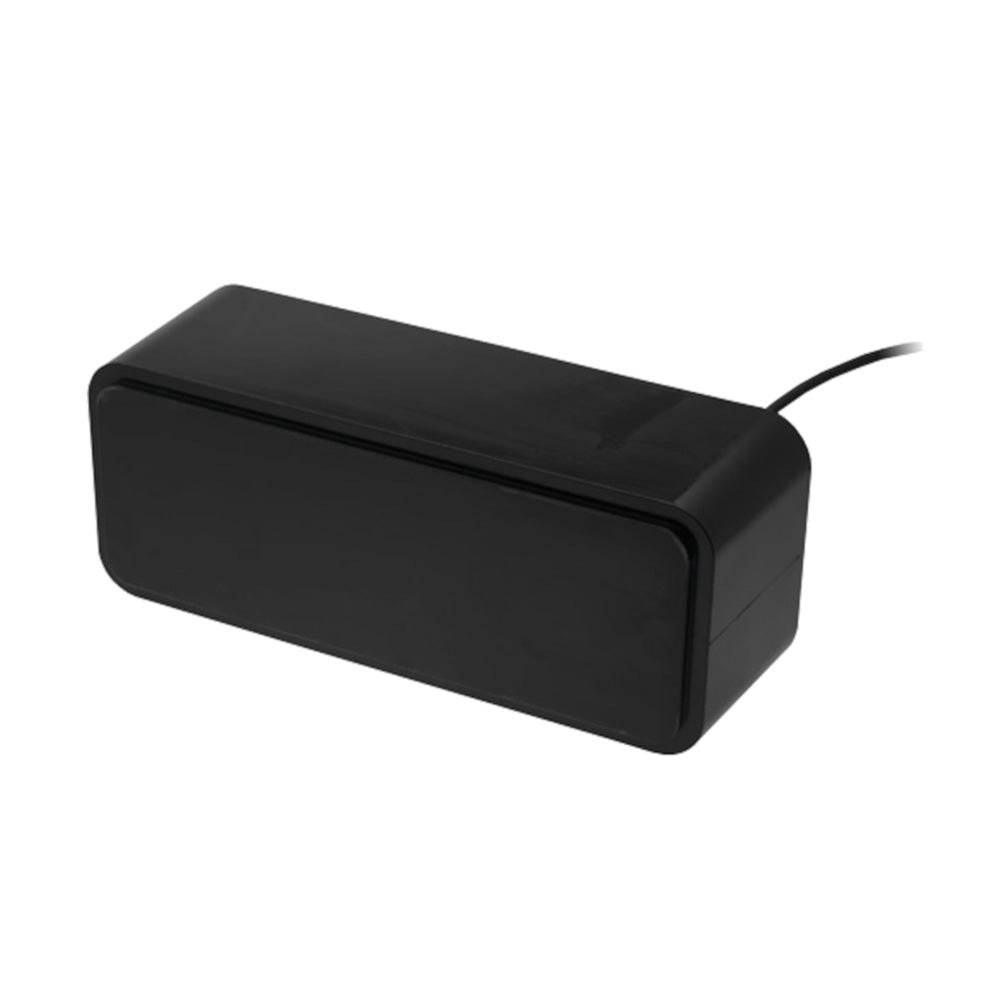 Suncoast Marine and Auto offers Airmar CM599LH 1-3kW Pocket Mounted Transducer - No Connector [CM599C-LH]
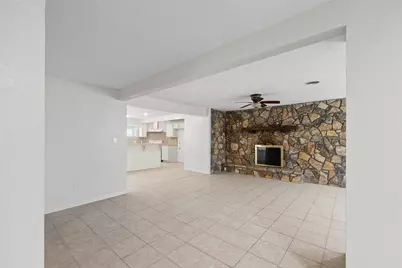 4102 Apache Trail Court, Granbury, TX 76048 - Photo 6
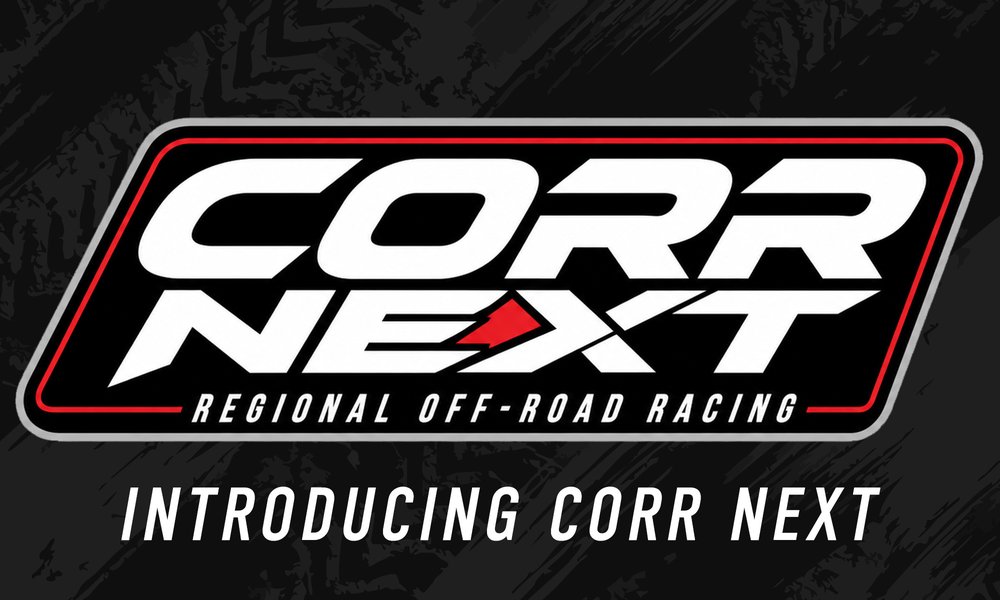 CORR-2627TEMPWEB-NEXT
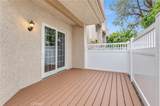 24378 Larchmont Court - Photo 29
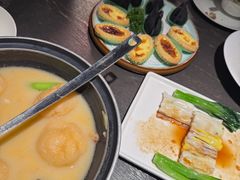 -粤凤佬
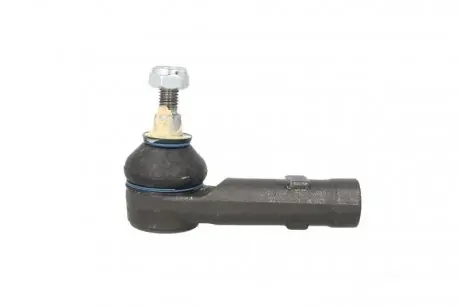7160200010 Наконечник тяги рулевой (L) Ford Mondeo II 96-00 MEYLE подбор по vin на Brocar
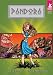 Books : Pandora (Short Tales Greek Myths)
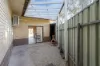 254 Gorge Rd, Athelstone, SA 5076-Image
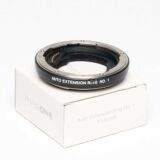 Cl42060 03 02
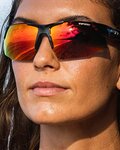 TIFOSI Gafas - CENTUS - negro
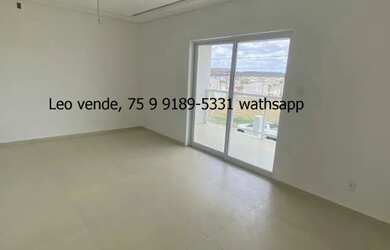 Imagem 12: Leo vende, Jardim das Tulipas, 4 suítes, closet e goumert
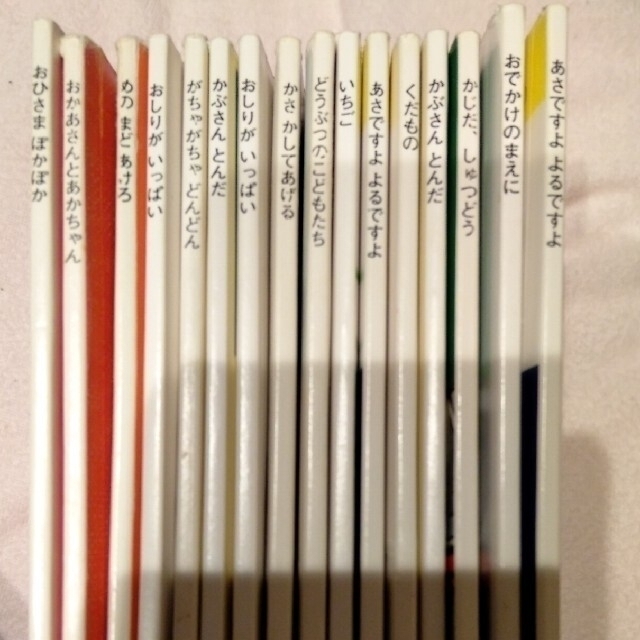 マイマイ様 専用ですの通販 by namiki3's shop|ラクマ
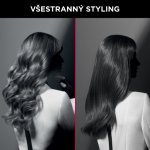 Rowenta Karl Lagerfeld CF451LF0 Fashion Stylist – Zboží Dáma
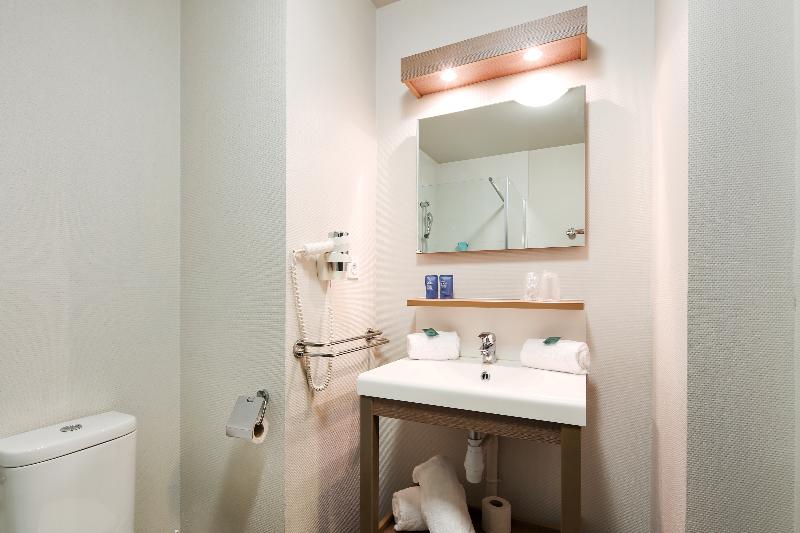 חדר סטנדרט עם נוף, Catamaran Resort Hotel And Spa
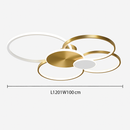 lustre-moderne-pour-clairage-int-rieur-design-l-gant-et-luxueux-9.png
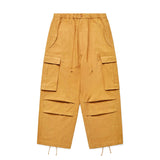 STORY mfg. Bottoms PEACE PANTS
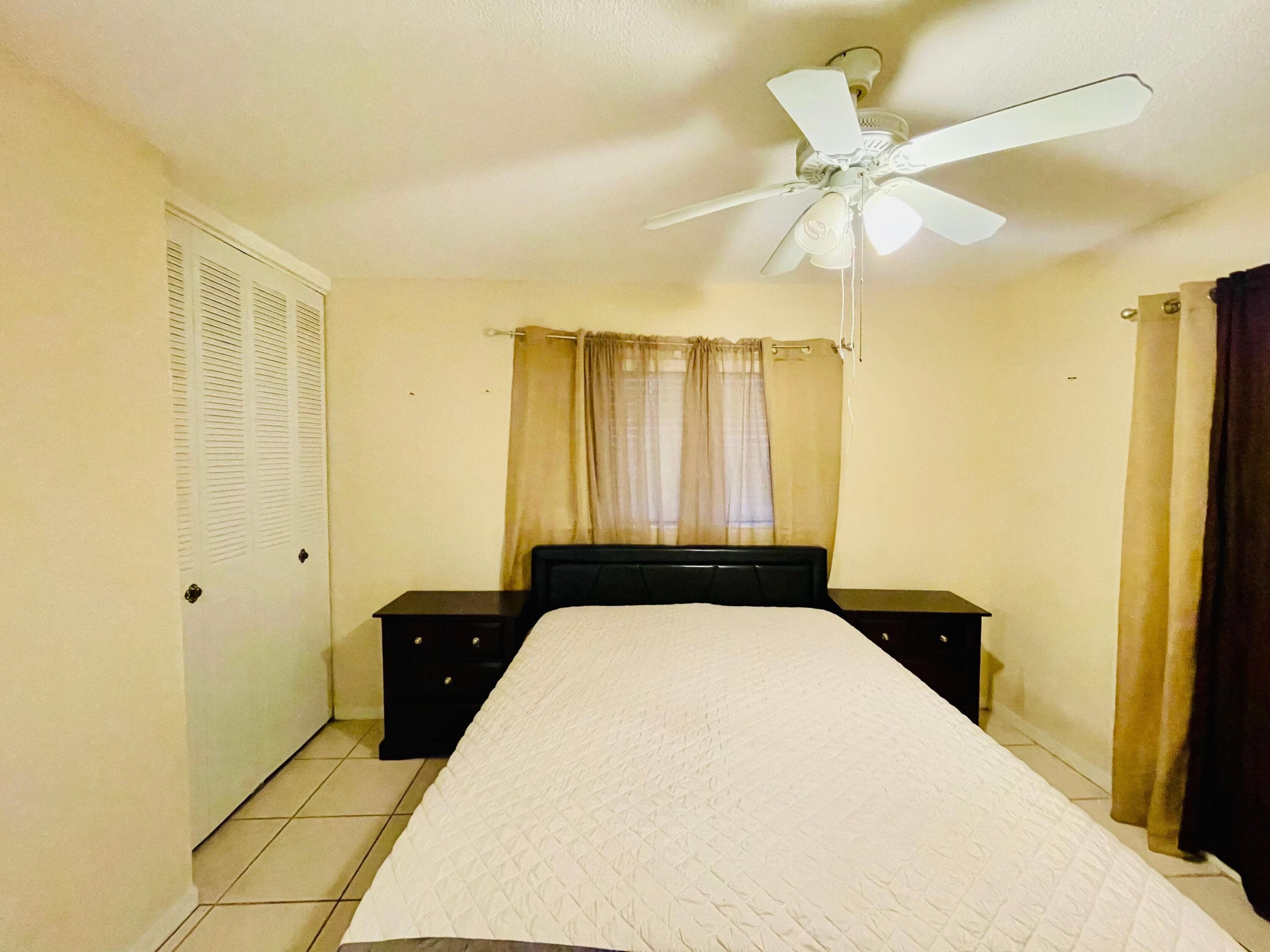 5051 W Oakland Park Boulevard W Unit E212, Lauderdale Lakes, FL 33313 — photo 10 of 23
^^^^^^^^^^^^^^^^
> _Exercise prompt_: Go to the line containing "חדר סטנדרט עם", then write out word for word every line from there to the end of the listing. Keep both end lines and drop the pictures.

> _Output below_:
 חדר סטנדרט עם נוף, Catamaran Resort Hotel And Spa
 lustre-moderne-pour-clairage-int-rieur-design-l-gant-et-luxueux-9.png
 STORY mfg. Bottoms PEACE PANTS
 5051 W Oakland Park Boulevard W Unit E212, Lauderdale Lakes, FL 33313 — photo 10 of 23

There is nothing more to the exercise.